Exercise objective
Could you transcribe every record below exactly, leaving out any pictures?

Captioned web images
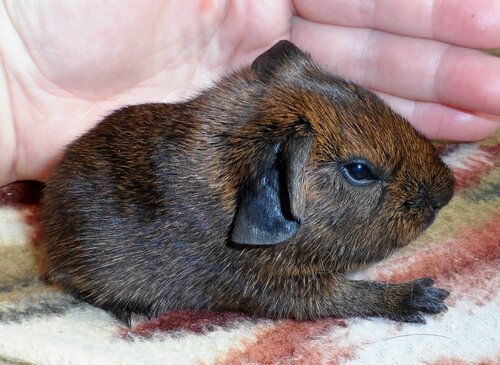 золотой агути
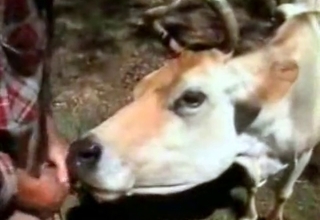 Cow licks a hard cock of a zoophile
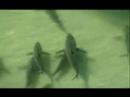 ancient shark filmed in japan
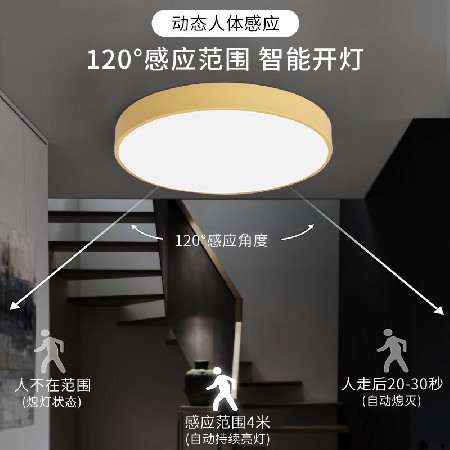 爆款led圓形過道吸頂燈 雷達(dá)人體感應(yīng)超薄陽(yáng)臺(tái)燈馬卡龍玄關(guān)走廊燈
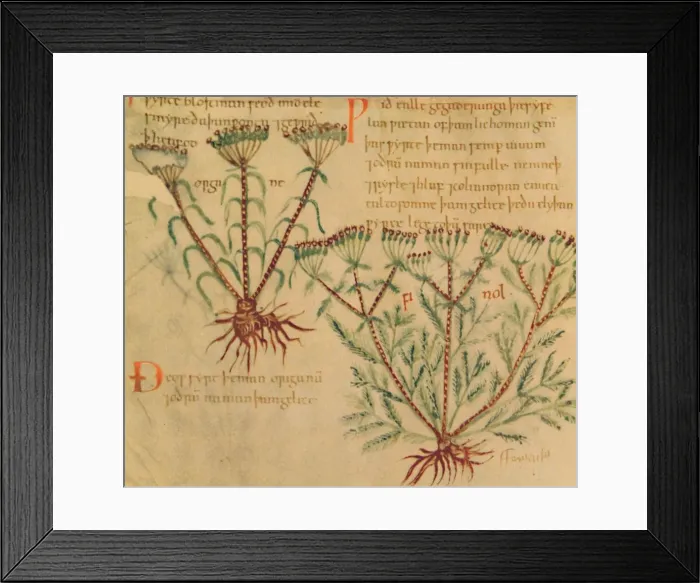 Framed Print : Fennel, 1947 Framed Print : Fennel, 1947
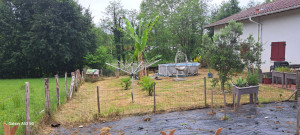 Photo de galerie - Tonte de pelouse - Débroussaillage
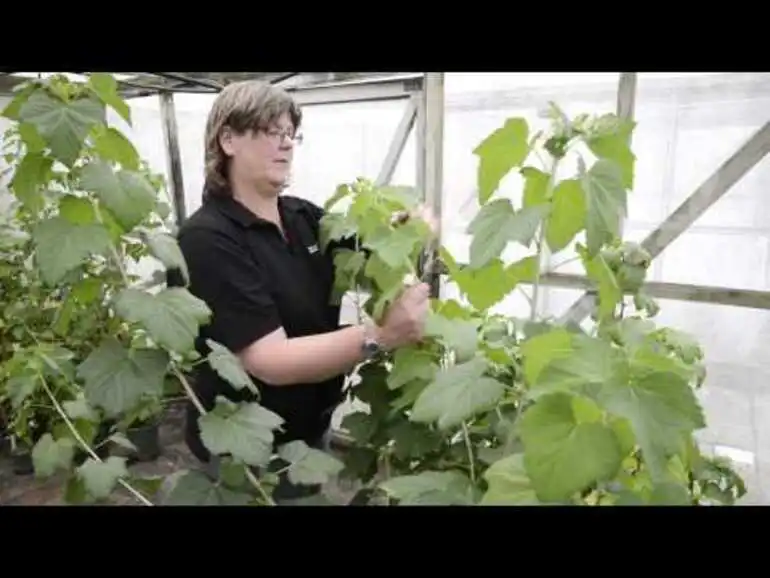 Image: Black Pearls - Breeding new Blackcurrant varieties in NZ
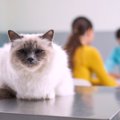 猫の飼い主が『動物病院』を受診する時にすべきことは？4つの心得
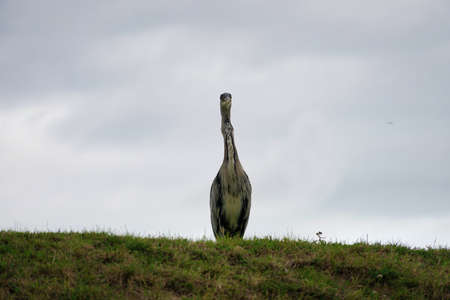heron on grass with gray sky in backgroundの写真素材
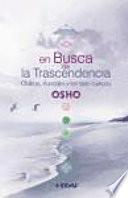 En busca de la trascendencia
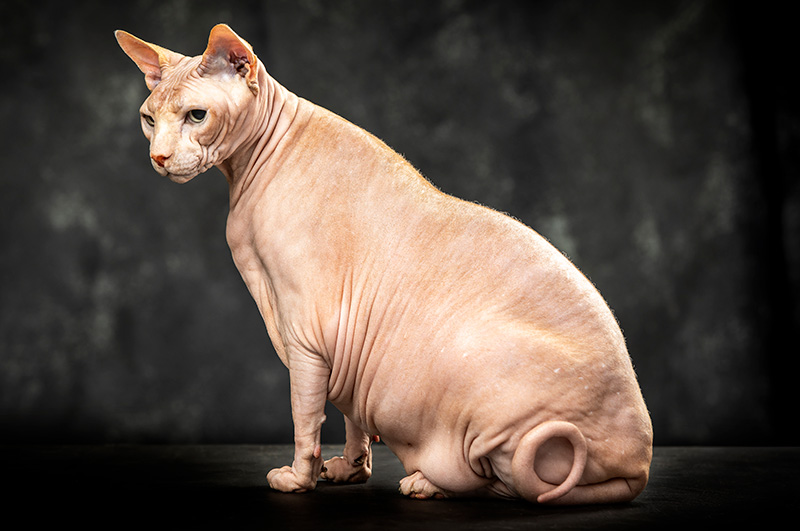 Foto da galeria de pets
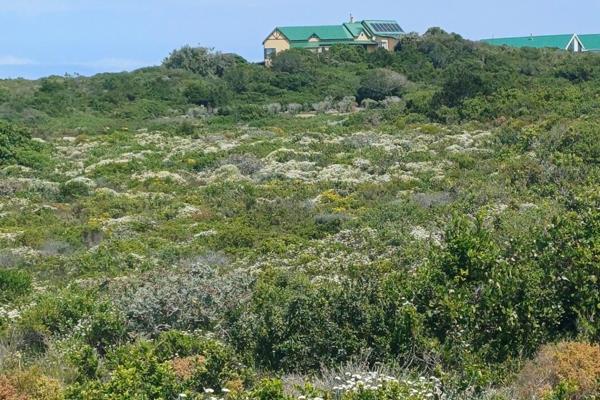 Situated between St Francis Bay and Cape St Francs, the St Francis Field Country estate offers you the best of both worlds.
Whether ...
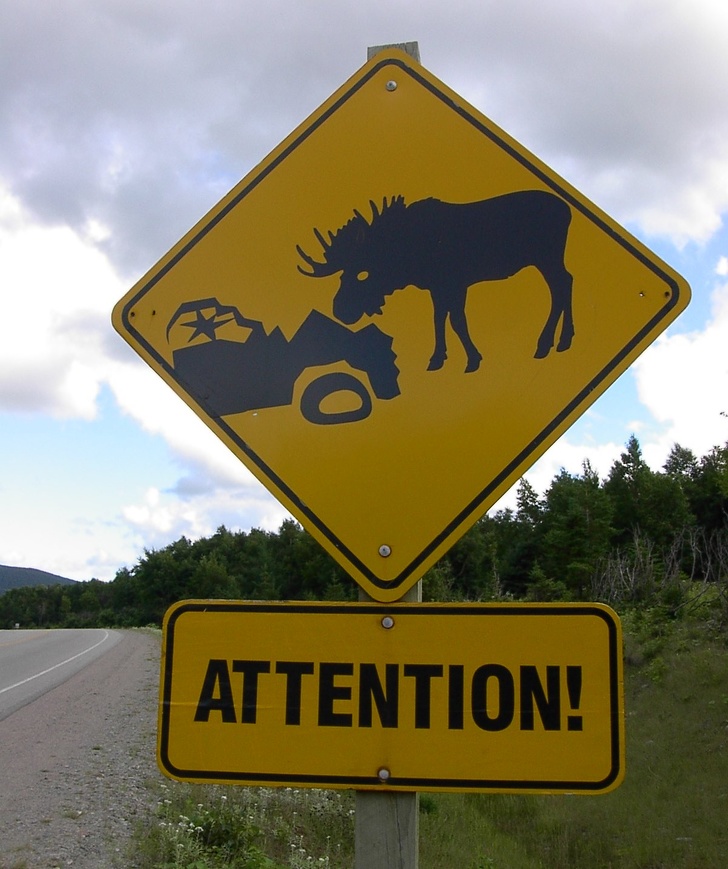 Illustration de l'article : Ces 21 photos pour découvrir le Canada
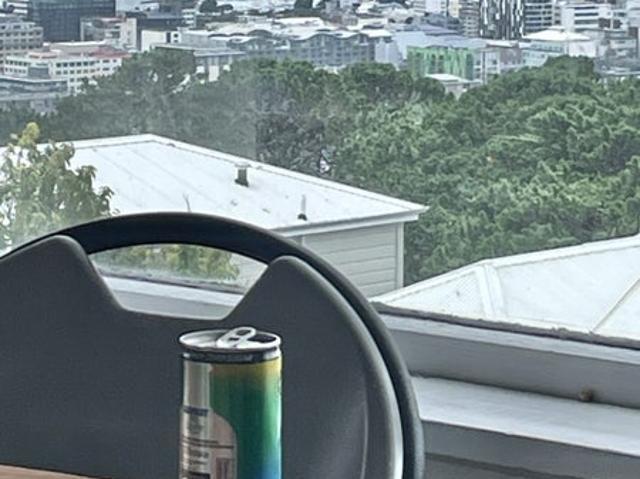 Aro Valley, 5 bedrooms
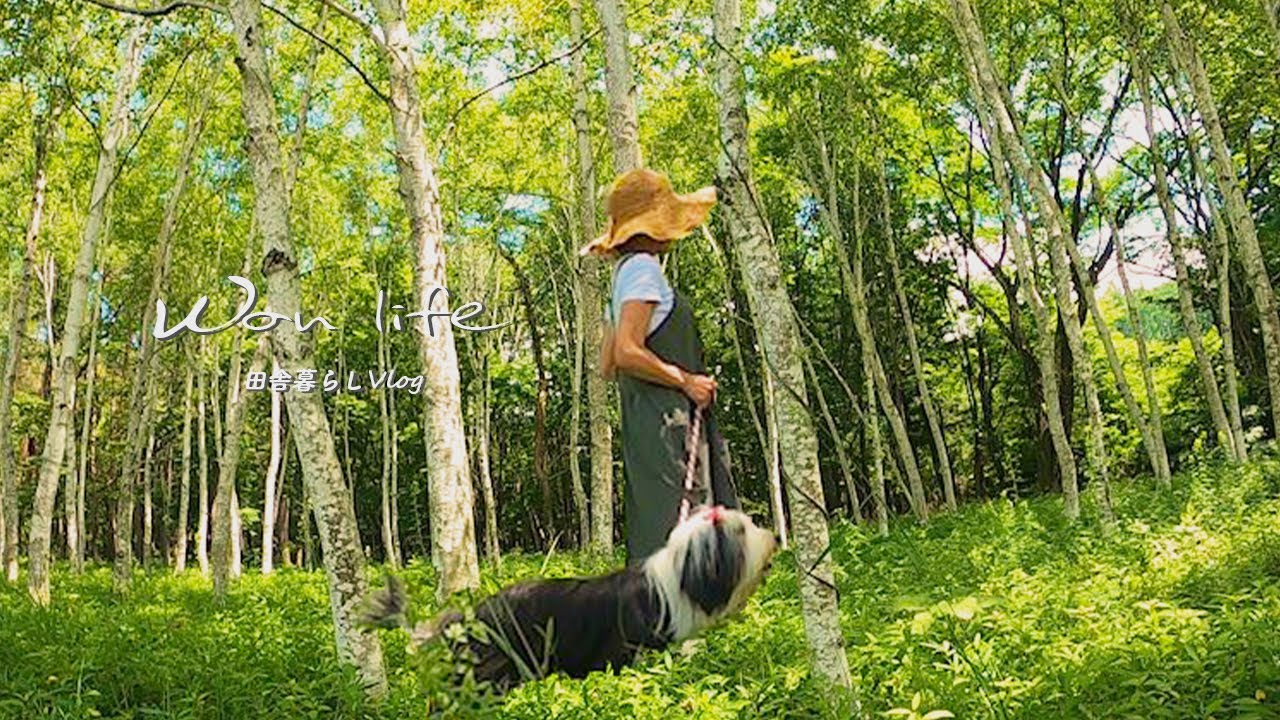 田舎暮らしvlog 古民家森の生活ルーティーン お花のある暮らし ブルーベリージャムとふわふわパンケーキの作り方 犬の手作りパンケーキ 43 Youtube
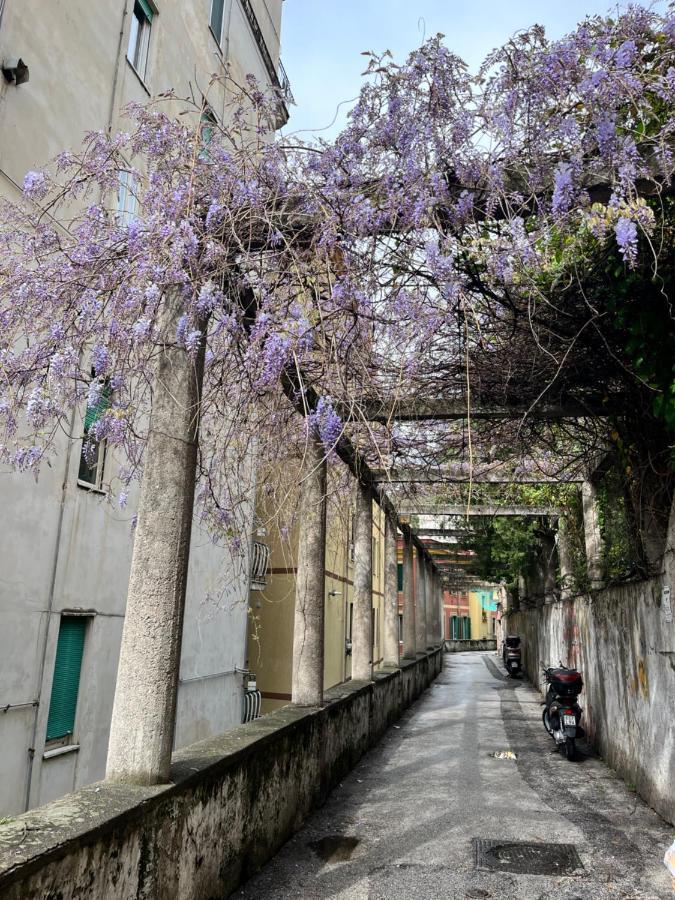The Secret Garden Διαμέρισμα Σαλέρνο Εξωτερικό φωτογραφία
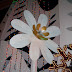 SDC10111.JPG
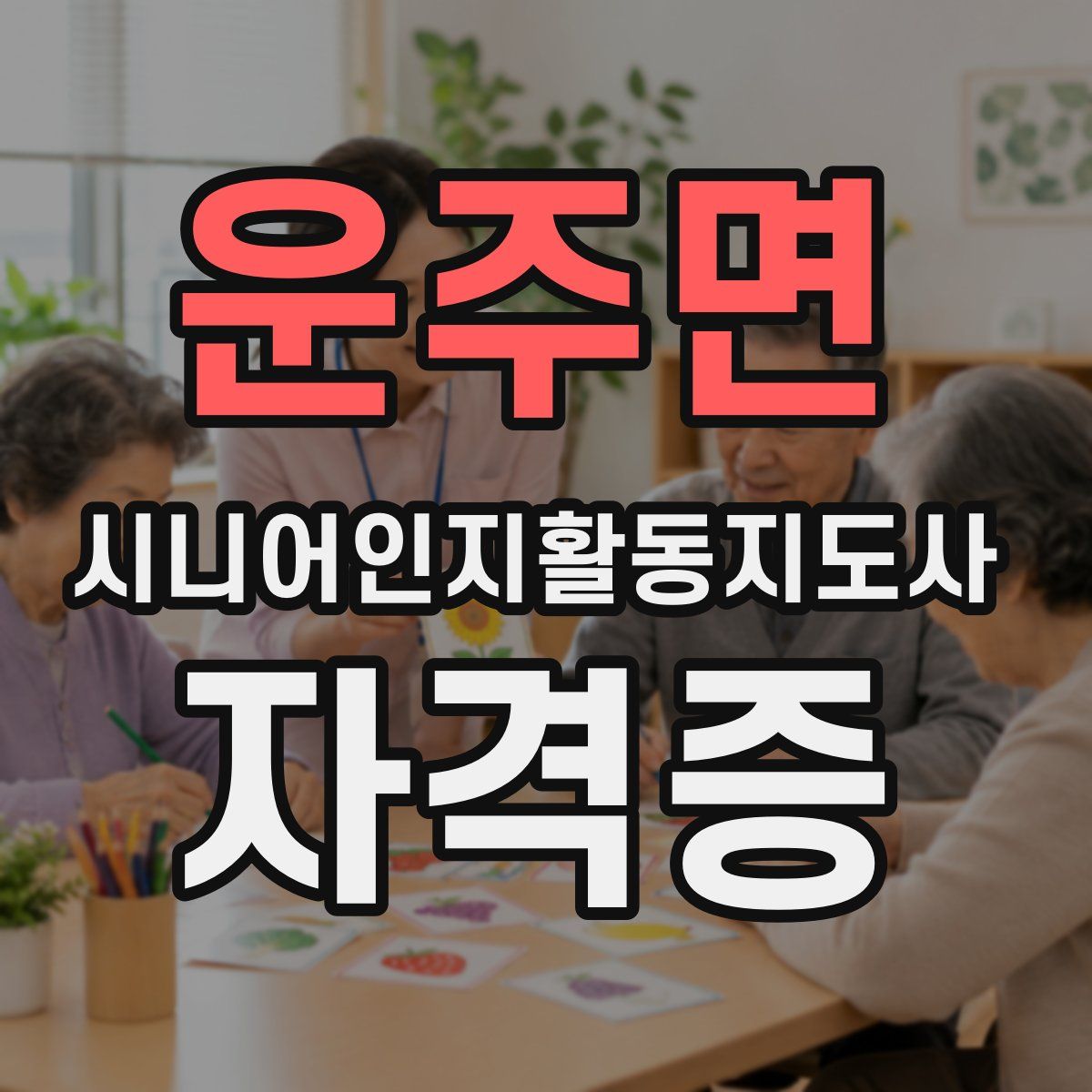 운주면 시니어인지활동지도사 자격증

Written response
 золотой агути
 Cow licks a hard cock of a zoophile
 ancient shark filmed in japan
 爆款led圓形過道吸頂燈 雷達(dá)人體感應(yīng)超薄陽(yáng)臺(tái)燈馬卡龍玄關(guān)走廊燈
 Framed Print : Fennel, 1947 Framed Print : Fennel, 1947
 Photo de galerie - Tonte de pelouse - Débroussaillage
 Image: Black Pearls - Breeding new Blackcurrant varieties in NZ
 猫の飼い主が『動物病院』を受診する時にすべきことは？4つの心得
heron on grass with gray sky in backgroundの写真素材
 En busca de la trascendencia
 Foto da galeria de pets
 Situated between St Francis Bay and Cape St Francs, the St Francis Field Country estate offers you the best of both worlds.
Whether ...
 Illustration de l'article : Ces 21 photos pour découvrir le Canada
 Aro Valley, 5 bedrooms
 田舎暮らしvlog 古民家森の生活ルーティーン お花のある暮らし ブルーベリージャムとふわふわパンケーキの作り方 犬の手作りパンケーキ 43 Youtube
The Secret Garden Διαμέρισμα Σαλέρνο Εξωτερικό φωτογραφία
 SDC10111.JPG
 운주면 시니어인지활동지도사 자격증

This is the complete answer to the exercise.